As the plans for the NCS develop, while national and local NCS structures will have the ability to employ staff, we do not anticipate that people who work in the services commissioned by the NCS will change their employer. For those involved in healthcare provision we do not expect the responsibility for clinical governance in the NHS to change or to be duplicated in the new arrangements.

In line with our commitment to public protection, we will ensure that new groups of currently unregistered workers can be added to the Scottish Social Services Council (SSSC) Register, where it is in the public interest to do so. We will improve information sharing to inform misconduct cases and streamline the Register to improve movement between sectors and reduce bureaucracy for the registered workforce.

The Scottish Government is aware of the sensitivities around the full registration of Personal Assistants (PAs). It recognises the unique relationship between the PA employer and the PA. Before taking any decision regarding the full registration of PAs, the Scottish Government will consider the effect of changes to the PVG scheme, as well as NCS consultation responses and also broader sensitivities and considerations.

It's vital that we have genuinely integrated teams working to resolve problems when they arise and to anticipate needs. To ensure further integration we are keen for services to reach out to and from the hospital and provide more agile and responsive services in the community. We want to support existing teams to reduce the perceived barriers between services that many people experience.

It is also crucial that unpaid carers, including young carers are supported to continue to access education and activities that are important to them alongside caring and that they can sustain and improve their health and wellbeing. They must be involved in the decisions that affect them and those they care for.

We know that unpaid carers provide vital support to the people they care for and are fundamental to the sustainability of the whole health and social care system. However, we know that they can often feel invisible, undervalued and unable to take rest or breaks.

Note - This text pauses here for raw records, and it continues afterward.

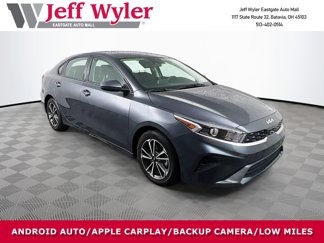 Used 2022 Kia Forte LXS image 1
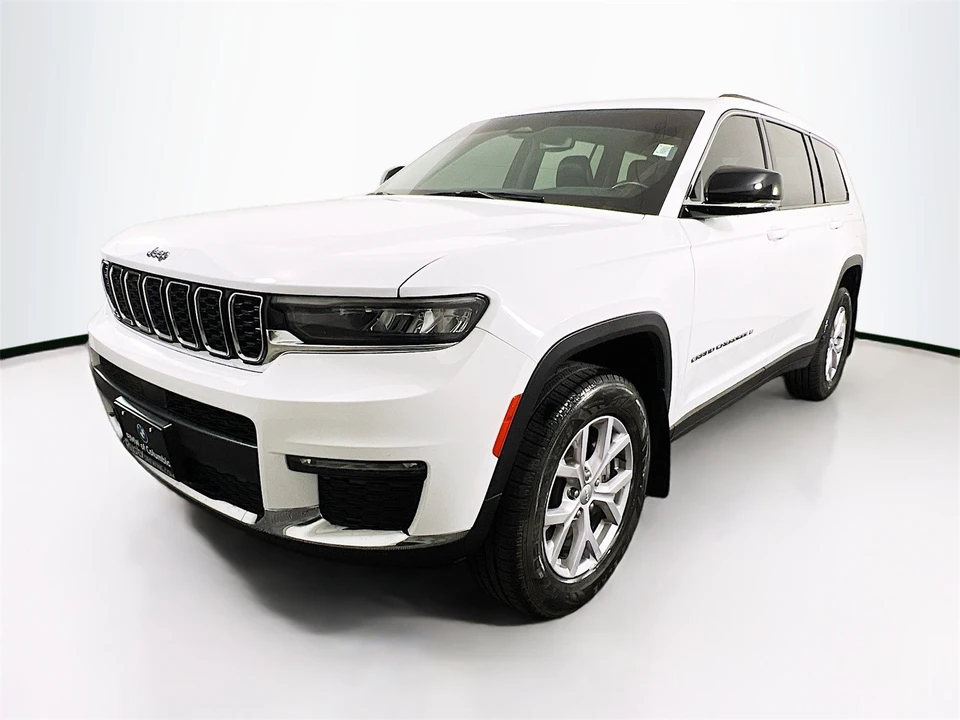2022 Jeep WL Grand Cherokee - Image 4 of 12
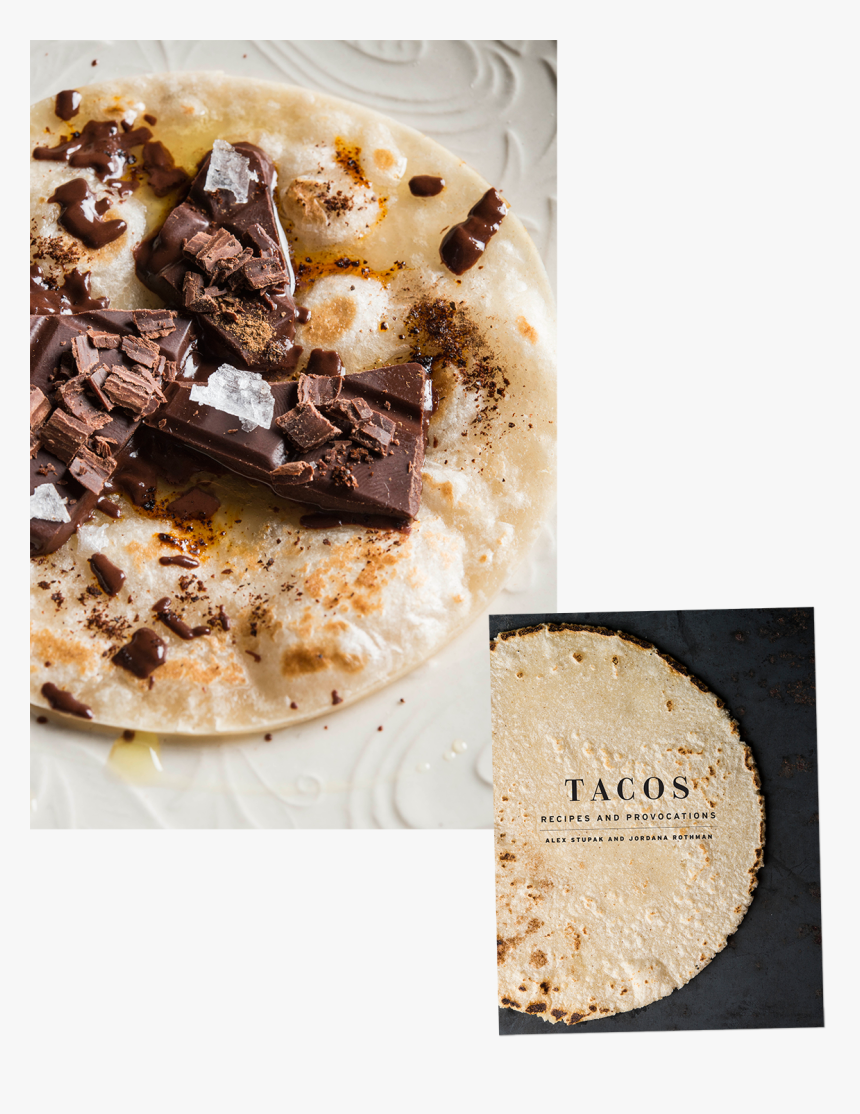 Tacos: Recipes And Provocations: A Cookbook, HD Png Download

To support people to protect their wellbeing, sustain caring relationships and recognise and value the immense contribution of unpaid carers, we will ensure that all carers have rights to rest and breaks. To ensure that carers are recognised and involved as equal partners in care, we will also ensure that carers are fully engaged at all levels in shaping and operating the NCS and individual-level decisions that affect them. We will continue to focus on ensuring people's existing rights to support under the Carers Act 2016 are understood and delivered.